_RECORDS FOR THE EXERCISE_
——

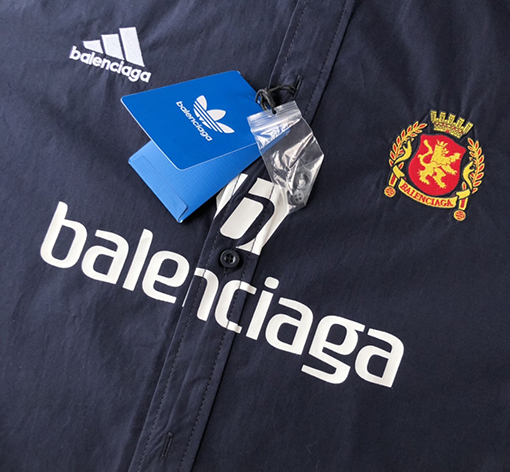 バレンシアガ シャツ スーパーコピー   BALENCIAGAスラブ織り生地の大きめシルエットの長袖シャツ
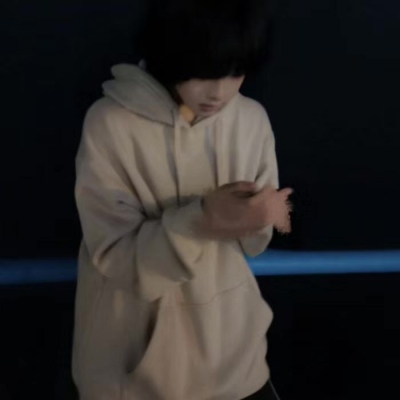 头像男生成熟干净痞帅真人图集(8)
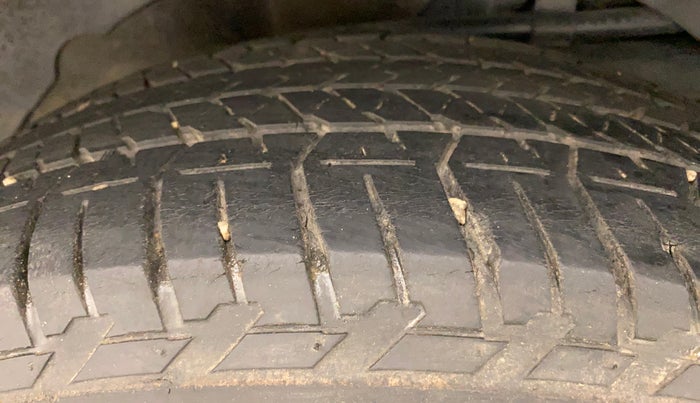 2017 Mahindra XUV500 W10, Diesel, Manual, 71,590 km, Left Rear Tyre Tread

——

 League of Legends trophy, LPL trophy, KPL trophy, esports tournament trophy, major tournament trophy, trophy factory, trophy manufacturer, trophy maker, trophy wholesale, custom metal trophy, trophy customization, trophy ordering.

——

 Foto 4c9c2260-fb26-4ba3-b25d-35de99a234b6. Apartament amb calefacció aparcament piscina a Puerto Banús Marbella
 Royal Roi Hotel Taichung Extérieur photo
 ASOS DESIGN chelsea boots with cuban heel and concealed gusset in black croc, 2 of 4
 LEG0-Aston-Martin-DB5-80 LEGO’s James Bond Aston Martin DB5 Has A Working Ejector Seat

——

_PROBLEM TO WORK ON_
Using the data above, retype exactly the lines from the line with "头像男生成熟干净痞帅真人图集(8)" to the line with "2017 Mahindra XUV500", inclusive. No pictures and nothing else.

_TASK RESPONSE_
 头像男生成熟干净痞帅真人图集(8)
 2017 Mahindra XUV500 W10, Diesel, Manual, 71,590 km, Left Rear Tyre Tread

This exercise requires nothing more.